Fig 2 presents the adjusted monthly likelihood of outcomes for the entire study cohort, compared to the month before implementation of universal screening. The monthly likelihood of being screened via the C-SSRS in the 6-months post-implementation ranged from 0.036 (95%CI: 0.036: 0.037) to 0.078 (0.077: 0.079) and via any suicide screen (either C-SSRS or I-9) ranged from 0.010 (0.009: 0.011) to 0.040 (0.039: 0.040). The average adjusted likelihood of receiving the C-SSRS and receiving any suicide screen in the 12 months post-universal screening implementation period compared to the pre-universal screening was 0.0539 (0.0536: 0.0541) and 0.0182 (0.0179: 0.0185), respectively (S2 Table). There were an additional 89,160 Veterans per month being screened for suicide via the C-SSRS and an additional 30,106 Veterans per month being screened via either the C-SSRS or I-9, compared to pre-universal screening (monthly regression coefficients indicating average increase in likelihood of receiving the C-SSRS were multiplied by the size of the cohort, 0.0539x1,654,180 = 89,160; 0.0182x1,654,180 = 30,106).

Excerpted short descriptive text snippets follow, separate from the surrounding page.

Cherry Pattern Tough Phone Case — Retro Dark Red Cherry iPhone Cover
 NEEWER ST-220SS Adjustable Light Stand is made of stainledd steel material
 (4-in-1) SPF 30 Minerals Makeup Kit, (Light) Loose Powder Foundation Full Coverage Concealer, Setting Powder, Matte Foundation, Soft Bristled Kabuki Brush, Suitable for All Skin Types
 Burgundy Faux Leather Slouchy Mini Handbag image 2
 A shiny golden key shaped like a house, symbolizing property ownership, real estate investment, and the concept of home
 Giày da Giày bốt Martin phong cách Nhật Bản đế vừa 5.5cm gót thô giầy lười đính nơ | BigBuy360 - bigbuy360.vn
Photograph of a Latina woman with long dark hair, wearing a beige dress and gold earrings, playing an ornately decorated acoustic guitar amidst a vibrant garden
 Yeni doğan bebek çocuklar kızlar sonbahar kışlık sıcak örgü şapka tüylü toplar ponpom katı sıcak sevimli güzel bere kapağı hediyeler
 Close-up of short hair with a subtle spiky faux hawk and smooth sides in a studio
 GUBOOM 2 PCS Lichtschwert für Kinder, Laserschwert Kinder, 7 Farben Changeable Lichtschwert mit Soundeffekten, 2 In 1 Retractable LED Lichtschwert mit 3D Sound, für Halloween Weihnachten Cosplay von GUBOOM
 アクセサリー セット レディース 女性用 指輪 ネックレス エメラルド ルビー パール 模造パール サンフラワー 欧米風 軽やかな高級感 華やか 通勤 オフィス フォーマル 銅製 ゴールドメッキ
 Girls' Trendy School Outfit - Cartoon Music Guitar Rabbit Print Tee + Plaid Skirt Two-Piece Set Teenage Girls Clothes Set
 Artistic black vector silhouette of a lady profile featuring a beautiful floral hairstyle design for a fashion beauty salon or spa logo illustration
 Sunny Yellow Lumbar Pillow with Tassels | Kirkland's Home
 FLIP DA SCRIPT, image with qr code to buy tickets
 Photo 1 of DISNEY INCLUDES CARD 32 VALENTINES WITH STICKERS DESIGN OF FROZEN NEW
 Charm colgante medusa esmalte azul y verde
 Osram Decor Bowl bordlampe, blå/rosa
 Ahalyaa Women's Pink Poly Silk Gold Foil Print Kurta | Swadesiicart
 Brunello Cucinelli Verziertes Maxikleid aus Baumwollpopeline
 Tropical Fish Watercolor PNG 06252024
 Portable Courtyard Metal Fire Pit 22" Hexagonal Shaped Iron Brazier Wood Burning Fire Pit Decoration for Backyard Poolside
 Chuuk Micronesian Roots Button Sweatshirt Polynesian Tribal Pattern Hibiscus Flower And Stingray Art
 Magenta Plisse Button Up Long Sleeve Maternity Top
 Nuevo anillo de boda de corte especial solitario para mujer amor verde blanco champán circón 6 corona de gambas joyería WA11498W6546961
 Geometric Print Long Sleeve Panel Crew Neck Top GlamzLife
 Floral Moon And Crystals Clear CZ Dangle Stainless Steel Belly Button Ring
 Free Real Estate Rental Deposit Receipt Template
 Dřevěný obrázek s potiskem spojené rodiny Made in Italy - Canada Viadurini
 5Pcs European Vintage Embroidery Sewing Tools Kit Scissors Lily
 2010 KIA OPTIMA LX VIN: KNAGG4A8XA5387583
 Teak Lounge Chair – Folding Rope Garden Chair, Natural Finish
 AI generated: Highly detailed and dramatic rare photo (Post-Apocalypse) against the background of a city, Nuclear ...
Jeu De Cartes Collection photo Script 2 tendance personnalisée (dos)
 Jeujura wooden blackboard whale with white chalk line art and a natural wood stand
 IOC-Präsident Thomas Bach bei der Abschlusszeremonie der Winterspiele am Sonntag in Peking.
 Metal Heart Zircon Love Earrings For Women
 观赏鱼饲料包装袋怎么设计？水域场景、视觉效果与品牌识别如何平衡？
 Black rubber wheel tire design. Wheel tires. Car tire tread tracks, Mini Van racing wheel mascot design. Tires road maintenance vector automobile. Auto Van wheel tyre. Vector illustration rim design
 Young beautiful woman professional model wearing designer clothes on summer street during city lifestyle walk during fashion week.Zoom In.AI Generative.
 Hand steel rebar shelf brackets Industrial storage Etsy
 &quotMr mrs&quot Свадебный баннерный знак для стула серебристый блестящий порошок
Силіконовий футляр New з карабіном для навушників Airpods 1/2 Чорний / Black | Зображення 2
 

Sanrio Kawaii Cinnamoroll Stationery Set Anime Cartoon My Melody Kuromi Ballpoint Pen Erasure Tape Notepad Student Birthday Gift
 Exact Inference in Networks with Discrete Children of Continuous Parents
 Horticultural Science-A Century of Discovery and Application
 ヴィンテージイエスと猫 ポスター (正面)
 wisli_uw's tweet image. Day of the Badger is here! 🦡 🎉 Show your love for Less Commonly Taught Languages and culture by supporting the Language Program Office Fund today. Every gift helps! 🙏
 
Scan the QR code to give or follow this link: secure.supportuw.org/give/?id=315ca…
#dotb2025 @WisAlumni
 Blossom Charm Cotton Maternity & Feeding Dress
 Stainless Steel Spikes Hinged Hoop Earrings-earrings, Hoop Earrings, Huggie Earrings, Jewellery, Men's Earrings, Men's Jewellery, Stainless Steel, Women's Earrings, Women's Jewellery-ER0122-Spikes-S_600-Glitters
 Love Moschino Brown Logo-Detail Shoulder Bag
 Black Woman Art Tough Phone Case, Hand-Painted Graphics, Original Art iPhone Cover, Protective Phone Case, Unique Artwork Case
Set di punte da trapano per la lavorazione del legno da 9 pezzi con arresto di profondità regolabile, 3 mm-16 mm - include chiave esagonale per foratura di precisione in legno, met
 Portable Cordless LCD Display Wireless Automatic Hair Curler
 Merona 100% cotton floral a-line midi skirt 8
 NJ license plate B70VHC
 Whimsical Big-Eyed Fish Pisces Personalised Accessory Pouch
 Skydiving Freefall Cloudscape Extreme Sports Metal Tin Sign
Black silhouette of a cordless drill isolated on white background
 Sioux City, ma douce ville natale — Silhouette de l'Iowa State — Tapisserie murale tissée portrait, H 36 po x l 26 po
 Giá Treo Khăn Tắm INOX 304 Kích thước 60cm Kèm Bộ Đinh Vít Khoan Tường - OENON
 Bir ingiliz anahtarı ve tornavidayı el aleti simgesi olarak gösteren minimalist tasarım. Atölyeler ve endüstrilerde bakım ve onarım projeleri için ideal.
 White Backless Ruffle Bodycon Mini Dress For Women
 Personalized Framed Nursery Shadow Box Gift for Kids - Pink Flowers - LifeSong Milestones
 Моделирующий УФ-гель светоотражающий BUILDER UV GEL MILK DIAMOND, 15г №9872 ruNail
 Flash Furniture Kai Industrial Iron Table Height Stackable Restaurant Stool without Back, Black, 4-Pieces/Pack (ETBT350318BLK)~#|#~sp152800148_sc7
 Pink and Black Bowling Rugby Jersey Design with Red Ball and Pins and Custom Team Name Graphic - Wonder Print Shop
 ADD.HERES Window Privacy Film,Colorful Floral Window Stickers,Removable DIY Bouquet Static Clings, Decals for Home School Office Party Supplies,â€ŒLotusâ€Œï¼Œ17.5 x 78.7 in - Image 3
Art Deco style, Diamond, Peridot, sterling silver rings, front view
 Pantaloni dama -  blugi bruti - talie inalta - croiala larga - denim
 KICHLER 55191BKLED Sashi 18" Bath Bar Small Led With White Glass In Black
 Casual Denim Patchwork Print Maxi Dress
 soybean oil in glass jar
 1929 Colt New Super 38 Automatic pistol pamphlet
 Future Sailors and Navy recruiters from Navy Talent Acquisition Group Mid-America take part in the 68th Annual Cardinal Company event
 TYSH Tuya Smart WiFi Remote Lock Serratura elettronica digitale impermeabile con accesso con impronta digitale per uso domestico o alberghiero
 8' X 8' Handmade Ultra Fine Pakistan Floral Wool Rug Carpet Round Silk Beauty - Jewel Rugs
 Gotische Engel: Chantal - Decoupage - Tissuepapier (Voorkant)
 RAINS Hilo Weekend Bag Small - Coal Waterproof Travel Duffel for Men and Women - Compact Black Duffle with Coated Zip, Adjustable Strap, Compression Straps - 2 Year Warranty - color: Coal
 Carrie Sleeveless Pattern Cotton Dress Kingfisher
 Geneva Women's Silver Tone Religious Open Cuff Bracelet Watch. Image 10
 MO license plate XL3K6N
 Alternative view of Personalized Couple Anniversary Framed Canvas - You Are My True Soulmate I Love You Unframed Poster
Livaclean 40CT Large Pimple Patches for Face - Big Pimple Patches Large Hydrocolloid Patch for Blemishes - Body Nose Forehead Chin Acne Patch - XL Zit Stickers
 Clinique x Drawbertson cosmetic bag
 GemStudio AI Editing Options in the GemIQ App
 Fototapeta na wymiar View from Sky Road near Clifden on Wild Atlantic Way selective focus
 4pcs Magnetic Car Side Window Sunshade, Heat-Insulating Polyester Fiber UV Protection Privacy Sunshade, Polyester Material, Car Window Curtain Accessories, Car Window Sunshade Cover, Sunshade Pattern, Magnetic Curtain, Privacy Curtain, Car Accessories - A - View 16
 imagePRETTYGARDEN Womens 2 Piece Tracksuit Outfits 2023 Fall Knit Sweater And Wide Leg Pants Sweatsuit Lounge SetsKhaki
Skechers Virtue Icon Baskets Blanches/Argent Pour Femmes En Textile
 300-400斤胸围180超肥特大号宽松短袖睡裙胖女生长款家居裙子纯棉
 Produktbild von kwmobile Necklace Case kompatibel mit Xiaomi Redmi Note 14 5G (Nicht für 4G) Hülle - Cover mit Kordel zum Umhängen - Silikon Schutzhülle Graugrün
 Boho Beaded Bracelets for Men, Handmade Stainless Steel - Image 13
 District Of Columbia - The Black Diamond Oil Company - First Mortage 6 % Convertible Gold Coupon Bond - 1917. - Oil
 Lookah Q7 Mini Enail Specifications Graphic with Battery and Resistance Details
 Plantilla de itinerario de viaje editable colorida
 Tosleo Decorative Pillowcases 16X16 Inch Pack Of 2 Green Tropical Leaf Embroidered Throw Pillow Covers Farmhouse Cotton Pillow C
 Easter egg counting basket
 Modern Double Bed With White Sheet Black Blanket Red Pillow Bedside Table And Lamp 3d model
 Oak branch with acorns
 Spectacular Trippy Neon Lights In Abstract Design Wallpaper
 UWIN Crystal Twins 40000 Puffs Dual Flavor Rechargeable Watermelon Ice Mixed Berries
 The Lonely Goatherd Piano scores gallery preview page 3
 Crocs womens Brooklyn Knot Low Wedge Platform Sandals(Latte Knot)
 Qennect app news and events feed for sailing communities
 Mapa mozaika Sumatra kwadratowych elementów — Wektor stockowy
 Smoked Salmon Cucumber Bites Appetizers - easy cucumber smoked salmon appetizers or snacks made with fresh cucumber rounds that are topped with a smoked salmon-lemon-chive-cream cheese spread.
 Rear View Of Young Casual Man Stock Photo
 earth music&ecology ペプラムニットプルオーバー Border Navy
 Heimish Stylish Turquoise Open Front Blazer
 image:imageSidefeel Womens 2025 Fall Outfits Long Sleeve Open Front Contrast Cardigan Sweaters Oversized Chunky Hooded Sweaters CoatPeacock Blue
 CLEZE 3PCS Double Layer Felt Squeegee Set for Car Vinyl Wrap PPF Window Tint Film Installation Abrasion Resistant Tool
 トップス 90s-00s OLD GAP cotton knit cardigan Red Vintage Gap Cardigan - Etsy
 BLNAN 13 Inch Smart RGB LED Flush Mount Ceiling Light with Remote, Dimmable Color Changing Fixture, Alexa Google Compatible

Fig 3 presents the model-adjusted monthly likelihood of outcomes for the sub-cohort of rural Veterans and sub-cohort of urban Veterans. The average adjusted difference for rural and urban Veterans’ likelihood of being screened via C-SSRS during the 12-month period post-universal screening implementation was 0.0159/month (0.0153: 0.0166) (S2 Table). This translates to approximately 7,720/month (1.59% of 485,592) additional rural Veterans being screened via the C-SSRS during the year than their urban counterparts.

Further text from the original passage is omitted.